Entries taken from a collection:
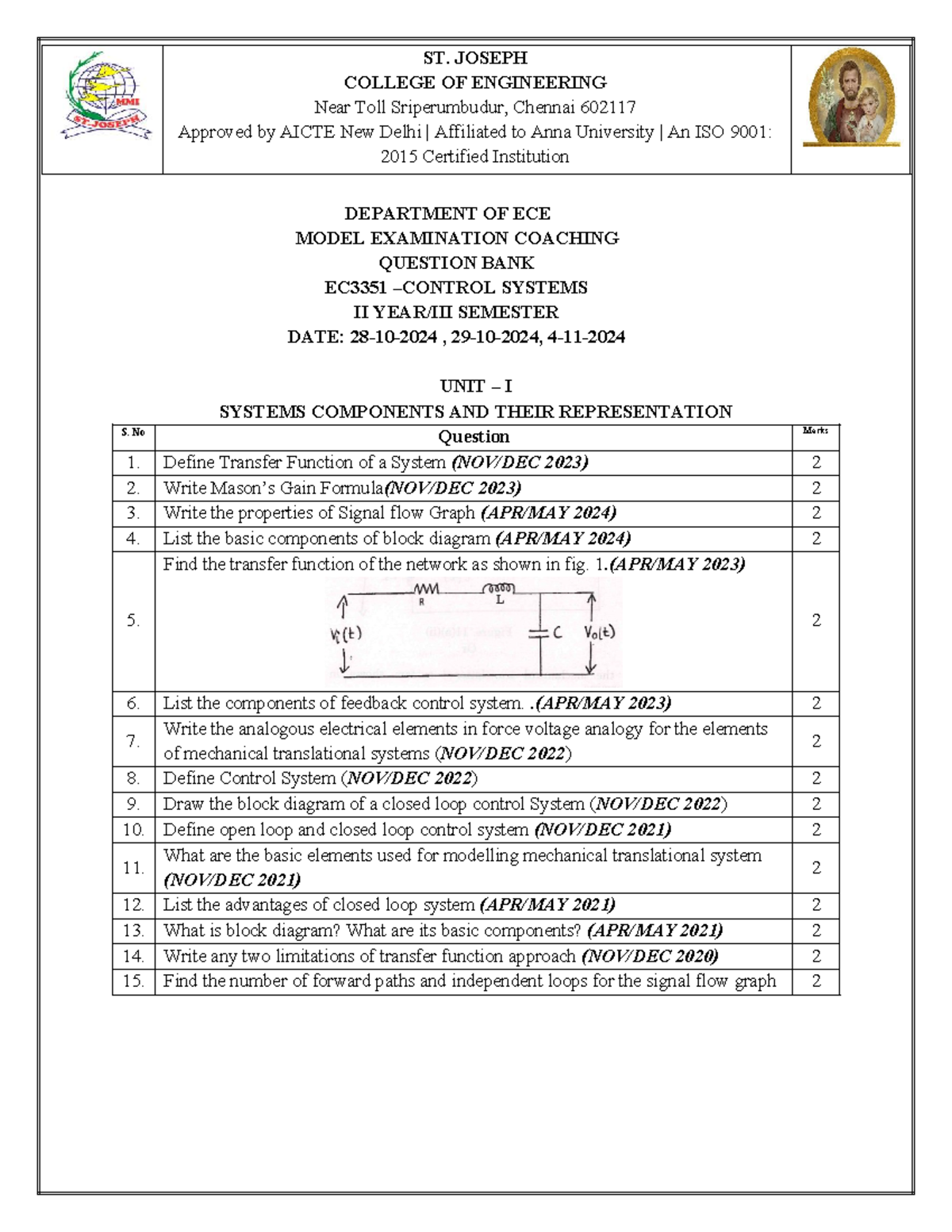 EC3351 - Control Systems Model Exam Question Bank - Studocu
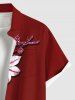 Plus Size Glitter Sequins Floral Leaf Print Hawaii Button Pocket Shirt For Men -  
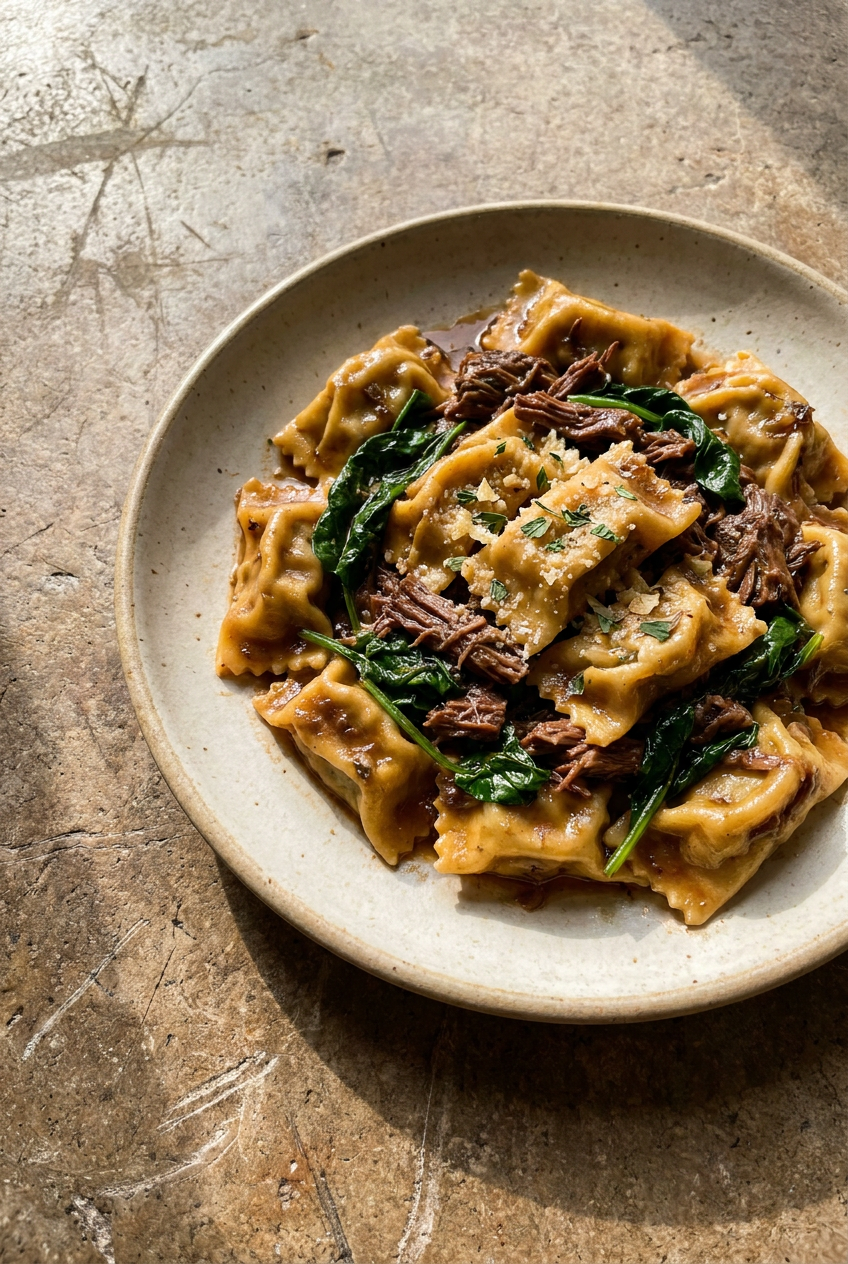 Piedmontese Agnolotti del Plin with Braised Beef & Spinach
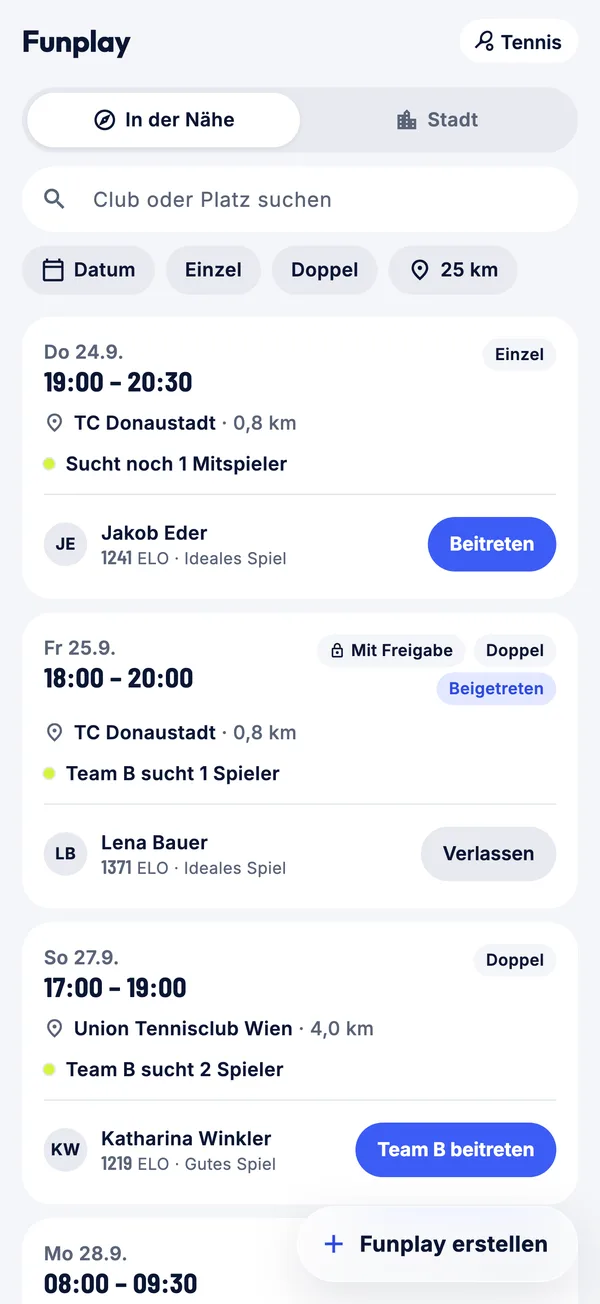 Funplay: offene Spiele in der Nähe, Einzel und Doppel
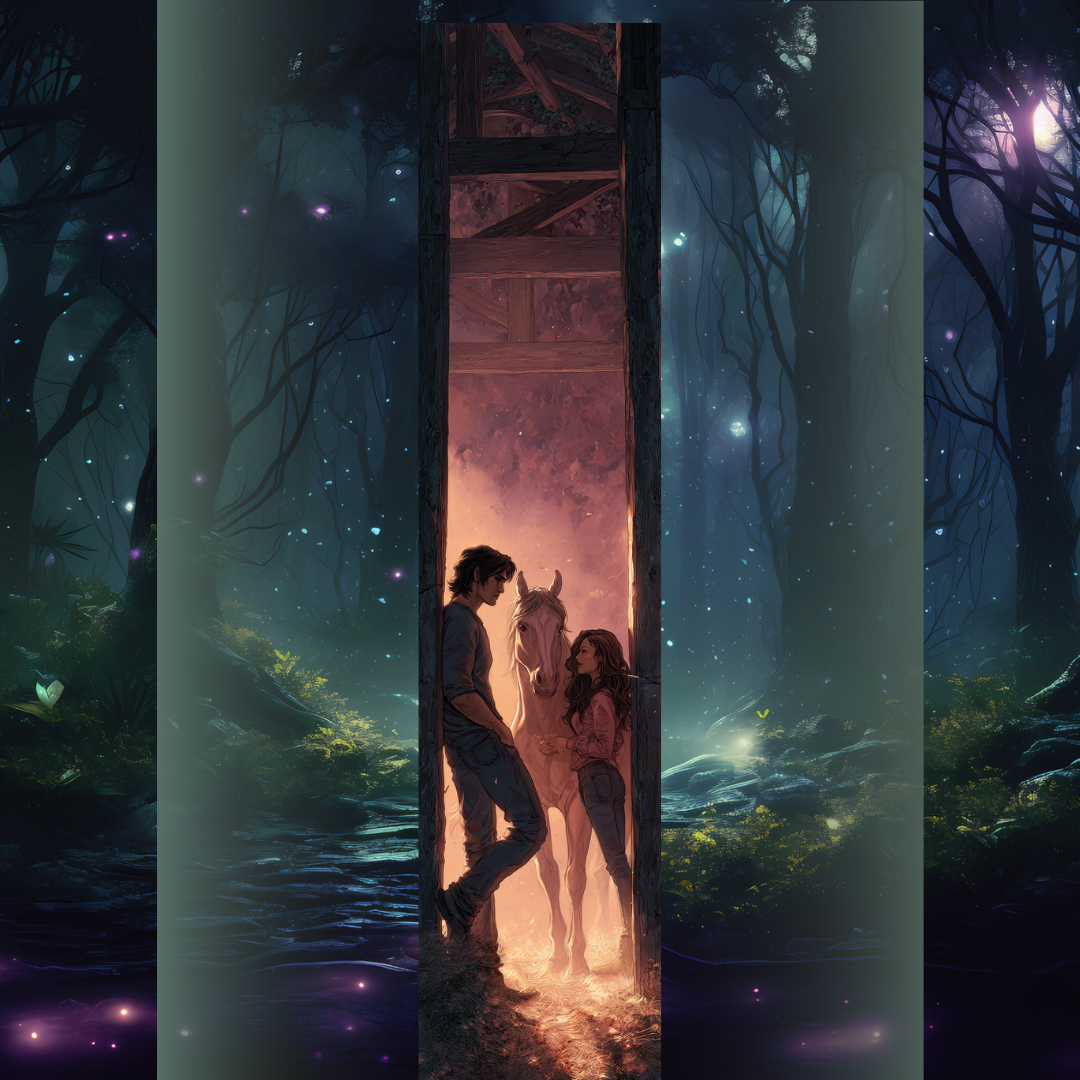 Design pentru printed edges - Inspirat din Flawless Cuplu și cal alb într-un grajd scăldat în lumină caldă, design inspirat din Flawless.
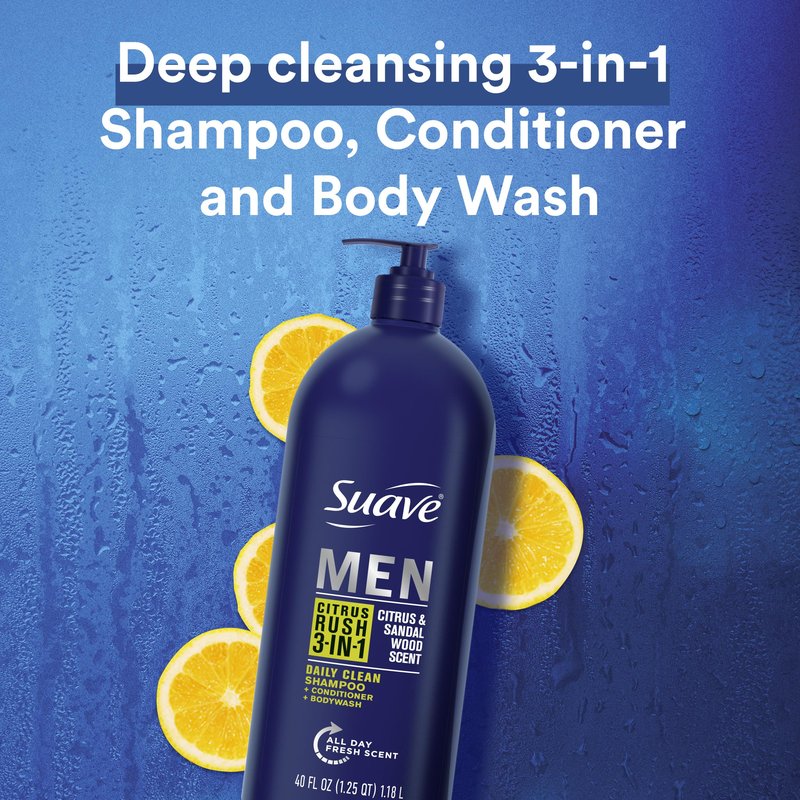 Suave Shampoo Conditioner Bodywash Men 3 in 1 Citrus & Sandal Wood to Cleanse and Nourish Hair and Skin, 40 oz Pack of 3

_Activity_
What is needed is an exact copy of only the lines above from the one with "Plus Size Glitter" to the one with "Funplay: offene Spiele", both kept, with every picture left out.

_Response to this exercise_
 Plus Size Glitter Sequins Floral Leaf Print Hawaii Button Pocket Shirt For Men -  
 Piedmontese Agnolotti del Plin with Braised Beef & Spinach
 Funplay: offene Spiele in der Nähe, Einzel und Doppel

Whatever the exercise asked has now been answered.